Gli aghi da agopuntura fanno male?

Gli aghi da agopuntura non sono dolorosi perché sono completamente diversi da quelli utilizzati per le iniezioni

È la prima domanda che ci si pone quando si ha l’intenzione di sottoporsi a una seduta di agopuntura: gli aghi fanno male? «No», risponde il dottor Maurizio Lombardi, medico agopuntore FISA. L’ago non è affatto doloroso perché è molto più piccolo di quelli adoperati per fare le iniezioni, ma non solo: è ancora molto diverso. Ecco perché non bisogna temere di avvertire dolore durante una seduta di agopuntura.

Nessun dolore, l’agopuntura è adatta anche ai bambini
«Alla domanda se l’agopuntura fa male io rispondo sempre «no» – spiega il dottor Maurizio Lombardi – un minimo di sensazione di peso e di conducibilità della microcorrente galvanica dell’ago che viene creata dalla stimolazione dell’ago viene avvertita. Al paziente io chiedo, una volta infisso l’ago se avverte sul punto dell’infissione un minimo di tensione, di «scossa» che è assolutamente accettabile. Tant’è vero che l’agopuntura viene eseguita tranquillamente anche su un bambino di otto o nove anni».

Se il dolore non si avverte è merito dell’ago
«L’agopuntura non è una tecnica invasiva perché l’ago che viene utilizzato non lacera il tessuto, a differenza di quello adoperato dalla siringa che utilizza un ago cavo e che quindi è in grado di lacerare il tessuto. L’ago di agopuntura è realizzato con un materiale «pieno» e quindi può essere anche annodato o piegato non si rompe mai. Pertanto devia i tessuti senza lacerarli. È rarissimo che causi micro ematoni o piccoli sanguinamenti», continua Lombardi.

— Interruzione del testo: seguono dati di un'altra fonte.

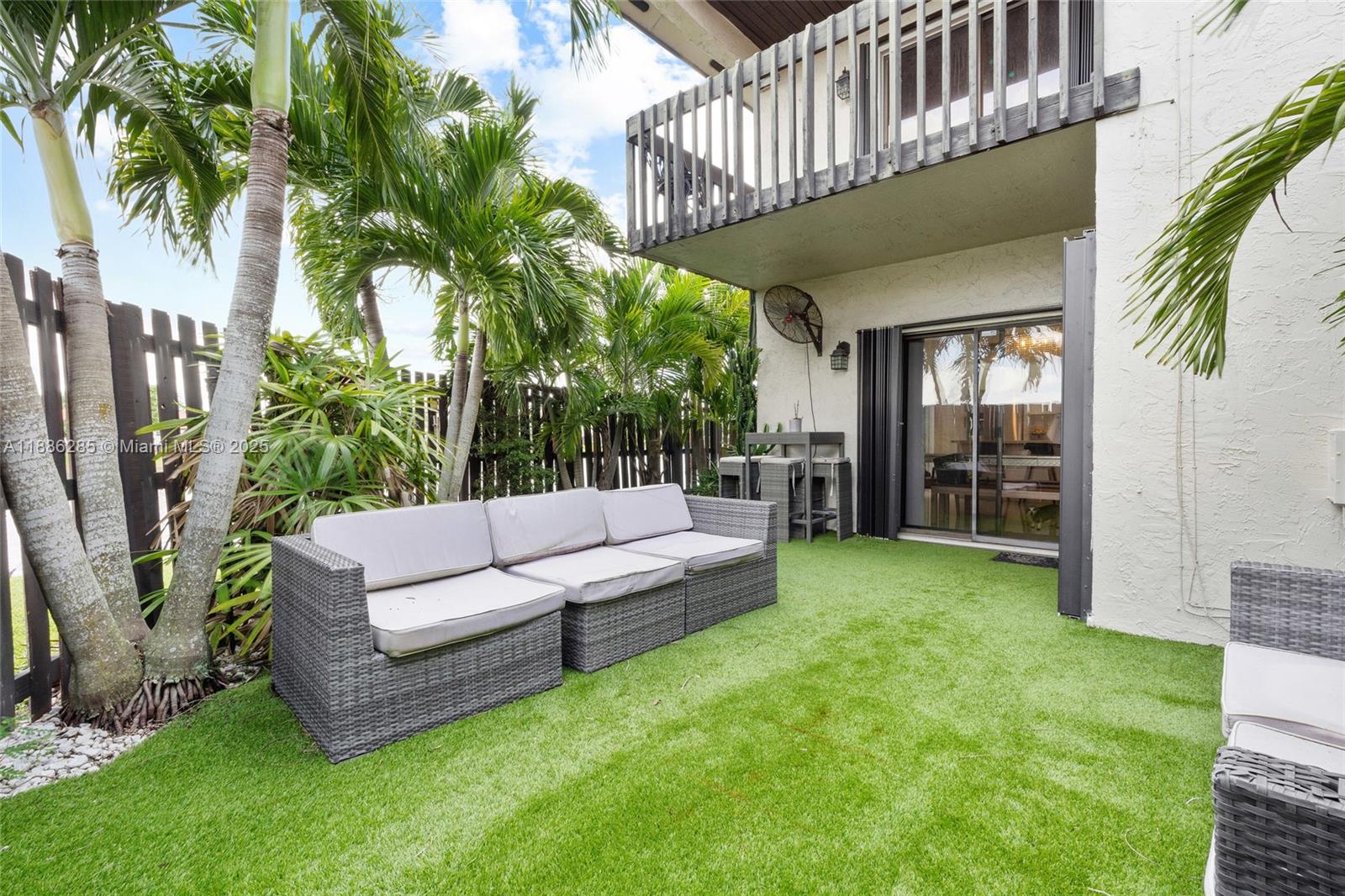 LAKES MEADOW VILG HOMES C - Residential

La sensazione è molto soggettiva
Avvertire più o meno dolore è anche una questione molto soggettiva. «Ci sono pazienti che pur essendo magri non avvertono alcuna sensazione e altri un po’ più in carne – di cui non ti aspetteresti mai – accusano una piccola sensazione di dolore. In linea di massima, comunque, l’agopuntura non è una tecnica dolorosa», conclude il dottor Lombardi.